I am an interdisciplinary artist who makes fiber art, works on paper, and conducts socially engaged projects with abandoned textiles. These works center on the themes of domestic labor, connection and care. Caregiving girds up our society and is based largely on the undervalued labor of women. Tending to one’s family and community is built on consistent, repetitive actions which provide comfort, ease suffering, and connect us with our fellow man.
Mending and stitching by hand parallel these tending actions. By using them, I join the emerging discourse on the unseen contributions of women and mothers to our social fabric and the contemporary art world.

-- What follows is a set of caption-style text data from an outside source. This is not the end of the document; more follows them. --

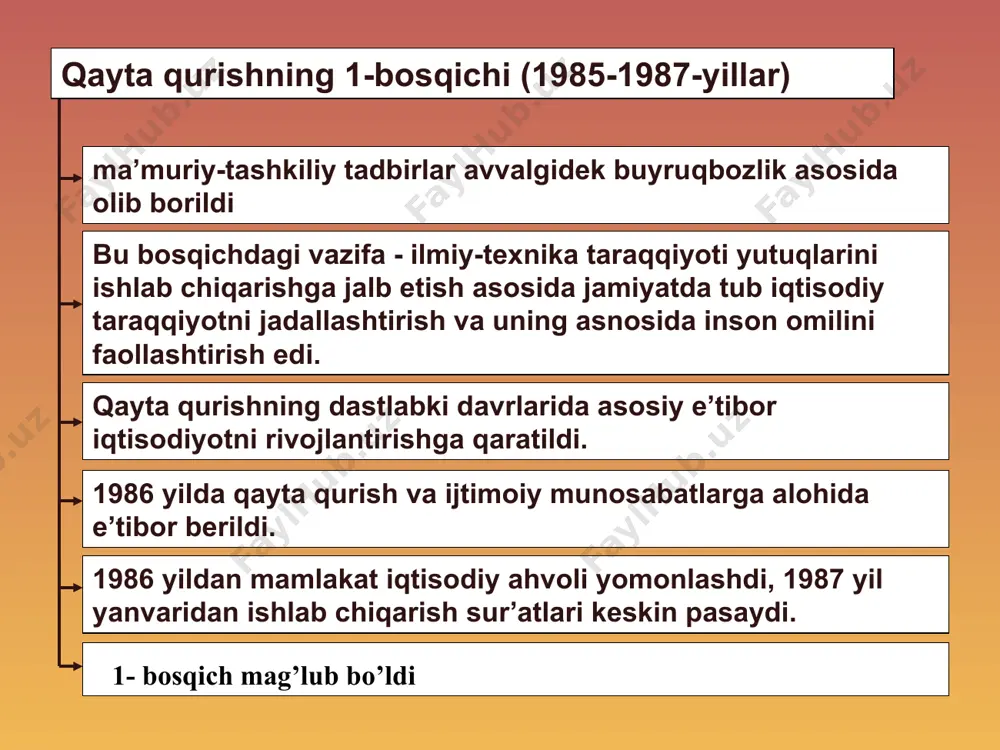 ’ng markaziy iqtisodiy organlarni qaytadan tuzish, bank tizimini qayta qurish siyosatini ishlab chiqish yuzasidan chora-tadbirlar amalga oshirildi. sssrda yetishtiriladigan paxtaning 65%, pillaning 60% dan ortig’i, kanopning 80-90%, qazib olinadigan oltin, simob, volframning salmoqli miqdori o’zbekistonda ishlab chiqarilardi. o’zbekiston aholisini tabiiy gaz bilan ta’minlash miqyosi 20% ga yaqinini tashkil etdi, xolos. paxtaning atigi 10% o’zbekistonda qayta ishlanardi. 1981-1985 yillarda yalpi ijtimoiy mahsulot 3,4% ortgan bo’lsa, 1986-1990 yillarda bu 2,2%ni tashkil etdi. 80-yillarning o’rtalaridan milliy daromad ishlab chiqarish bo’yicha o’zbekiston boshqa respublikalardan ortda qoldi. iqtisodiy islohotlar 1987 yil e’lon qilindi. 1986-1987 yillarda iqtisodiyotni barqarorlashtirish bo’yicha birorta samarali yo’l izlanmadi. 1990 yilgacha qayta qurishning maqsadi sun’iy «rejali bozor» tizimini tashkil qilishdan iborat bo’lib qolaverdi. 80-yillarning 2-yarmida o’zbekiston iqtisodiyotiga jiddiy salbiy ta’sir etgan holatlardan biri - 1984-1989 yillardagi qatag’onlar, «desant»lar, «paxta ishi» oqibatlari bo’ldi. 1990 yil o’rtalaridan boshlab o’zbekistonning yangi rahbariyati respublikani chuqur iqtisodiy inqirozdan olib chiqish uchun jiddiy harakat boshladi. o’zbekistonda prezidentlik boshqaruvining …
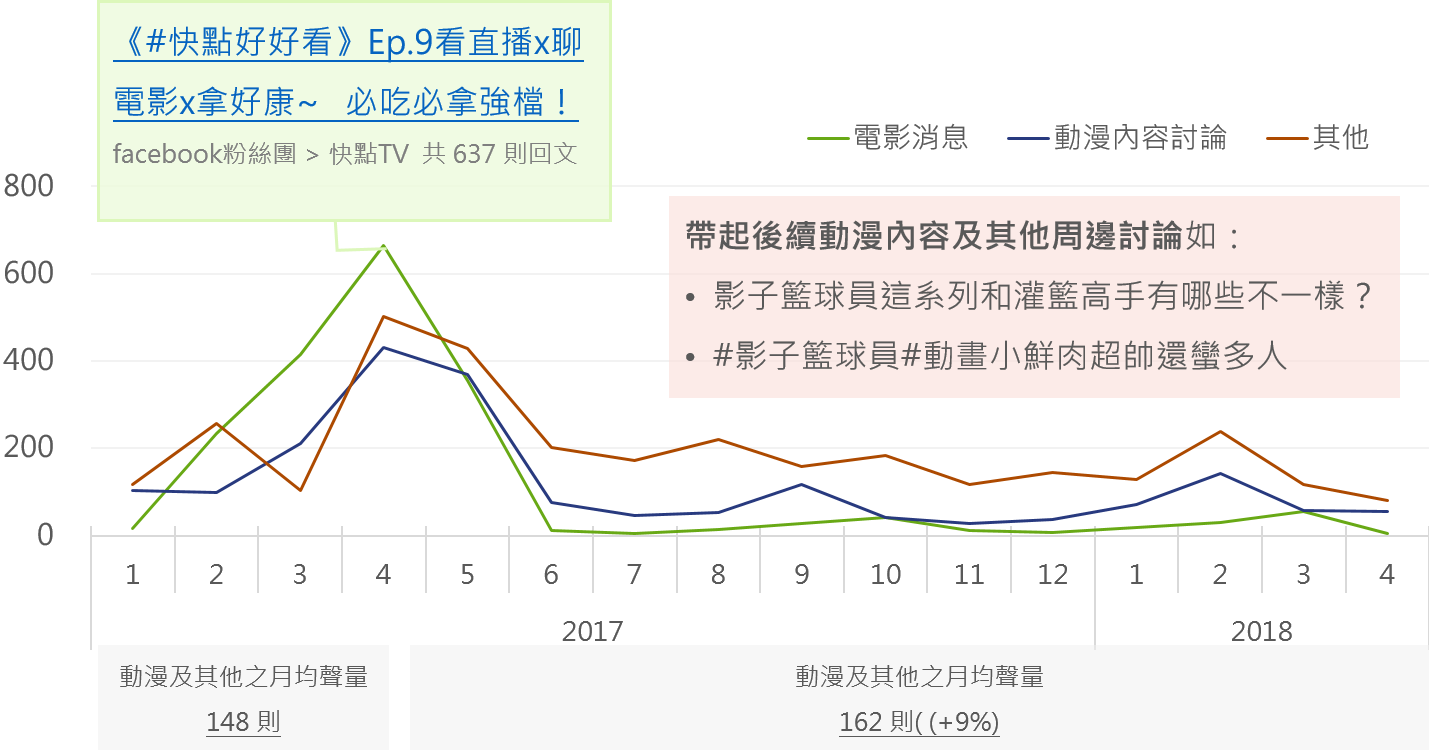 OpView輿情聲量分析_影子籃球員討論聲量趨勢（排除跨界合作）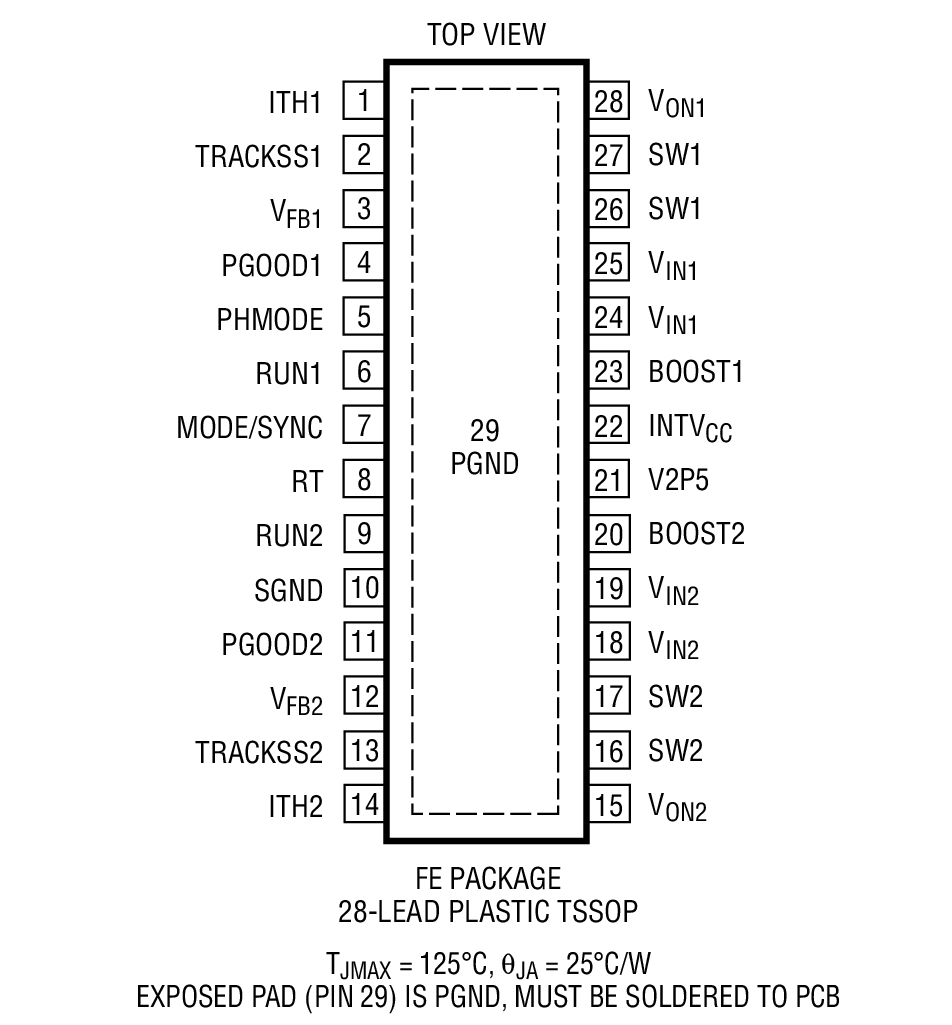 LTC3633װͼ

Through the reuse of found textiles and ritualistic processes, I communicate the transformative power of caregiving, specifically in the areas in which I have labored; childcare and care for the elderly.
As artist and mother, I am both archivist and field hand, creating studies in the accretion of domestic life and cataloging its labors. I disassemble, reconfigure, and alter abandoned textiles. Stratums of fiber in my sculptures reference sedimentary layers and the state of my laundry pile. I map the territory of my home-place with the visual language of topographic maps. I am also interested in the point at which motherhood becomes untenable; exploring the limitations of maternal labor, the baggage of inherited possessions and the societal pressures of caregiving. With these works, I join the growing ranks of a constellation of new artist-mothers giving voice to the maternal and domestic experience.
Recently, my socially engaged projects rely on the communal actions of mending together. With my work, I contribute to relevant and timely discussions reframing the value of care and connection to our neighbors and our possessions. I give voice and hold space for stories of repair, loss, and kinship.